Monsieur Y est un cadre du parti au pouvoir, de tout parti au pouvoir. La dernière fois qu’on l’a entendu publiquement parler, c’était pour vilipender les opposants au régime qu’il défendait. Il montait alors combines sur combines pour diaboliser les opposants, fustiger leurs causes, débaucher leurs militants les plus significatifs, les accuser de tous les maux…
Il participait sans vergogne au sac du pays, à la corruption des mœurs politiques, au pillage des ressources publiques, au détournement des programmes de développement, à la culture de contrevaleurs…

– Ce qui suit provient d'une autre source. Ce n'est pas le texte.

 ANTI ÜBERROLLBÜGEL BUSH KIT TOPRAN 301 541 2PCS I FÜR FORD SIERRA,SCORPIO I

Arrive le moment de la fin d’un cycle. Monsieur Y fait semblant d’être quelqu’un d’autre. Il découvre subitement qu’il y a de l’injustice dans l’exercice quotidien du pouvoir, qu’il y a la mauvaise gestion, qu’il y a les pratiques esclavagistes, qu’il y a des inégalités sociales criantes… Il adopte les causes justes et réussit à faire oublier qu’il a été l’artisan – ou l’un des artisans – du système qu’il dénonce désormais. Il est «militant» et même «victime». Il côtoie à cet effet les honorables défenseurs des causes justes, réussit à les devancer dans le mouvement en occupant les premières lignes, à couvrir de sa voix les leurs.
Dans la Mauritanie d’aujourd’hui, c’est désormais Monsieur X et Monsieur Y qui sont l’incarnation des causes justes, du combat des déshérités, du soulèvement des victimes… après avoir été les bourreaux d’hier, les complices de tout temps… ils confisquent aujourd’hui la grandeur du combat à mener pour l’émancipation de l’homme mauritanien et salissent la noblesse de cette cause.
Monsieur X et Monsieur Y ne sont que des échantillons de toute une classe politique qui refuse se remettre en cause, de se démettre, de quitter la scène malgré ses excès.